Normally, at this stage of the match Gareth Bale would simply take matters into his own feet and come flying down the wing at Arsenal's terrified fullbacks. But as skilled and physical as many of the Spurs' new recruits are, they lack the game-breaking speed and power of the World's Most Expensive Player.
Still, they displayed enough attacking threat for Wenger to forsake his traditional reliance on his twinkle-toed players to bamboozle their way to victory. Instead, in the kind of risk-averse gambit that would make Jose Mourinho proud, he replaced two midfielders with two fullbacks, Nacho Monreal and the too-ill-to-start Bacary Sagna, to make a heroic defensive stand in the final, frantic minutes as Spurs assaulted the Arsenal goal and Andre Villas-Boas attempted to will the ball into the net with his sideline contortions.
The game, as you may have heard, wasn't the only thing that ended in high drama on Sunday.

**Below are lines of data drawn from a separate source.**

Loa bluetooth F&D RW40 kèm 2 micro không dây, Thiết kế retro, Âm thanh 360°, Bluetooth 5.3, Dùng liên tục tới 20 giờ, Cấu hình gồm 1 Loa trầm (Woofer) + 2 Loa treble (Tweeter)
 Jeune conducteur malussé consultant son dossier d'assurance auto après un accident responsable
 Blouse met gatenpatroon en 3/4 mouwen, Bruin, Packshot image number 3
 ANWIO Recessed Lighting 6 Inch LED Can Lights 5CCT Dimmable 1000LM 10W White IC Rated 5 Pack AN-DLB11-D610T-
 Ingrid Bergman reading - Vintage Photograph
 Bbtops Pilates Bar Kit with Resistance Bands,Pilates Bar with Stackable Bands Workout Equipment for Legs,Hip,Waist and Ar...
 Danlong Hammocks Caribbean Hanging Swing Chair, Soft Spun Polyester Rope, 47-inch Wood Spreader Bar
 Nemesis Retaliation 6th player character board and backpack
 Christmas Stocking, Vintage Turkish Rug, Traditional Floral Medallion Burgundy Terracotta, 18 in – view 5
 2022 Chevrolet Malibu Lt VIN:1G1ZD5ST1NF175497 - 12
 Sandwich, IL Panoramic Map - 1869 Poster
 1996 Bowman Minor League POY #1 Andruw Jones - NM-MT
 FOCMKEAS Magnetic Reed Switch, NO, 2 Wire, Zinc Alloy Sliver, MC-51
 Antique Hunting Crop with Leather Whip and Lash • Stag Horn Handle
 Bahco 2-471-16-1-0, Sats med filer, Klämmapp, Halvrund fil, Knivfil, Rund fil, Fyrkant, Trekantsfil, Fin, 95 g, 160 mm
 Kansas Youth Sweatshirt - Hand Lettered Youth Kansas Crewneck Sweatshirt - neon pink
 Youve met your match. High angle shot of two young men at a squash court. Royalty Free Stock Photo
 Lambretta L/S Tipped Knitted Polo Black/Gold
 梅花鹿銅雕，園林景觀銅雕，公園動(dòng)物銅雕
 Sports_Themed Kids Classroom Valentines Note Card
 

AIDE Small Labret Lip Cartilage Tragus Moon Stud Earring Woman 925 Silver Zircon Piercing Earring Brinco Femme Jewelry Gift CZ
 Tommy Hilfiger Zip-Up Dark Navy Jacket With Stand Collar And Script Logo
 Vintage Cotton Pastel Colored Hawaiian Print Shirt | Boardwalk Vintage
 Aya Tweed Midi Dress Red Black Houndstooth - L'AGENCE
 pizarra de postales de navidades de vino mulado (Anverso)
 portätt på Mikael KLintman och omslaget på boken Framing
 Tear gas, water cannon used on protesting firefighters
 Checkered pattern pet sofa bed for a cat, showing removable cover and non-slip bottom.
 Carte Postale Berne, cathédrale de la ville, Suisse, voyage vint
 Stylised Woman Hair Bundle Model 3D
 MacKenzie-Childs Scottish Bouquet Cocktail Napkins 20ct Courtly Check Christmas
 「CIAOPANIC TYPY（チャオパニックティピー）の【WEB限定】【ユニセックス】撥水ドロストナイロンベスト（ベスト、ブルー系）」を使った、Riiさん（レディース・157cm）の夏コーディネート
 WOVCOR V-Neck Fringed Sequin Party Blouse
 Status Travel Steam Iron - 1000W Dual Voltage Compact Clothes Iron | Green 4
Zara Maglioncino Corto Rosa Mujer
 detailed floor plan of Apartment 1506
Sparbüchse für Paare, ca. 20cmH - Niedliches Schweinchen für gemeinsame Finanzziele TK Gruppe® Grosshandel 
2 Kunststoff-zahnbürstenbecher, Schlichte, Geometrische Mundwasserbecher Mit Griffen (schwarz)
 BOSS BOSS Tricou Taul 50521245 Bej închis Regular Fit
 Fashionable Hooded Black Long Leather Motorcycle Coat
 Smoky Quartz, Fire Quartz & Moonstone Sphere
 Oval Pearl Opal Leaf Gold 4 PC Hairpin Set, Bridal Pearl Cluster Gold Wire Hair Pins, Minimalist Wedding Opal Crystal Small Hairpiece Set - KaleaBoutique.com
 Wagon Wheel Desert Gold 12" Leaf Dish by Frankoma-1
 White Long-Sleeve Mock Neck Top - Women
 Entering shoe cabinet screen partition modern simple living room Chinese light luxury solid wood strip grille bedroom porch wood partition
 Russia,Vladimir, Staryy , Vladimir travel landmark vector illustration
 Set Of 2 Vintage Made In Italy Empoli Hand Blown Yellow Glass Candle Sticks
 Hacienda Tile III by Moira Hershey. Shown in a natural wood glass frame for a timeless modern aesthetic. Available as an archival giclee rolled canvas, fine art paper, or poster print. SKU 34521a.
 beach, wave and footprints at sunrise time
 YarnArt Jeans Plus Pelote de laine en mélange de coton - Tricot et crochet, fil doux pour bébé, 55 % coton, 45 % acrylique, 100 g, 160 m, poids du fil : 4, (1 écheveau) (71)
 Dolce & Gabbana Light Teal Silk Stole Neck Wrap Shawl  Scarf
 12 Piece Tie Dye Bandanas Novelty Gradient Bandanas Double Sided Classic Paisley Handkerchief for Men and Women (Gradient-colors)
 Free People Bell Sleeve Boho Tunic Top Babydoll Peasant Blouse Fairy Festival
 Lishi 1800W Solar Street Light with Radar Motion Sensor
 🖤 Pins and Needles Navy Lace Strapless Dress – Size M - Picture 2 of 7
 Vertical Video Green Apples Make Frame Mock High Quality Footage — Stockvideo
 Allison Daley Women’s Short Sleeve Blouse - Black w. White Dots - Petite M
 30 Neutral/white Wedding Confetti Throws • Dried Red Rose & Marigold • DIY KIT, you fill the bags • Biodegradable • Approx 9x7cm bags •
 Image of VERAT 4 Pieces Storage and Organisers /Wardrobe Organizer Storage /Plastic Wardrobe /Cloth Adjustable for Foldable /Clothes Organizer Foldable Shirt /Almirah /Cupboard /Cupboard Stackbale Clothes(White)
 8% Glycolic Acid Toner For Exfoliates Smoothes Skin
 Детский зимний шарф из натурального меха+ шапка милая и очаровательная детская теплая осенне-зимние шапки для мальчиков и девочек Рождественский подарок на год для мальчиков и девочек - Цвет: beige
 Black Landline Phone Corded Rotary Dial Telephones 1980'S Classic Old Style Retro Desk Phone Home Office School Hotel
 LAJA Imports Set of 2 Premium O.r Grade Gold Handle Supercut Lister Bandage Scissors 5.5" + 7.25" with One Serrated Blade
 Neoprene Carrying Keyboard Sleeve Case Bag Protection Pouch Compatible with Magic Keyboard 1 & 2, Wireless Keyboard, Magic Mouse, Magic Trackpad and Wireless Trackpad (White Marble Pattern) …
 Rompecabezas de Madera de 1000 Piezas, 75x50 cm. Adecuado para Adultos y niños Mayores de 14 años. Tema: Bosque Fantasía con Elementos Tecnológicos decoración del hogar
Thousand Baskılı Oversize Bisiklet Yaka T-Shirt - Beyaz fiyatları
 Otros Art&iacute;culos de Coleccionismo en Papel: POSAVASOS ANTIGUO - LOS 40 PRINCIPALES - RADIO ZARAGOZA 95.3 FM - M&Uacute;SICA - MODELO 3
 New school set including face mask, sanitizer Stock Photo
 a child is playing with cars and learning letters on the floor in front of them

I don't know about you, but I died a little inside when I heard the news that the Bale transfer soap opera was officially over. Couldn't it have lasted just a little bit longer, maybe until the end of the year, so we had enough time to find a new reason to live? I mean, what else is there to fill that void now that Bale is gone? Thank God for Miley Cyrus and twerking.
"We missed Bale," a surprisingly stoic Arun said when we shook hands at the final whistle. "He would have made the difference today."
"Don't despair," I replied, "You can always buy him back in the January window. That way, Spurs can definitely lock in fifth place."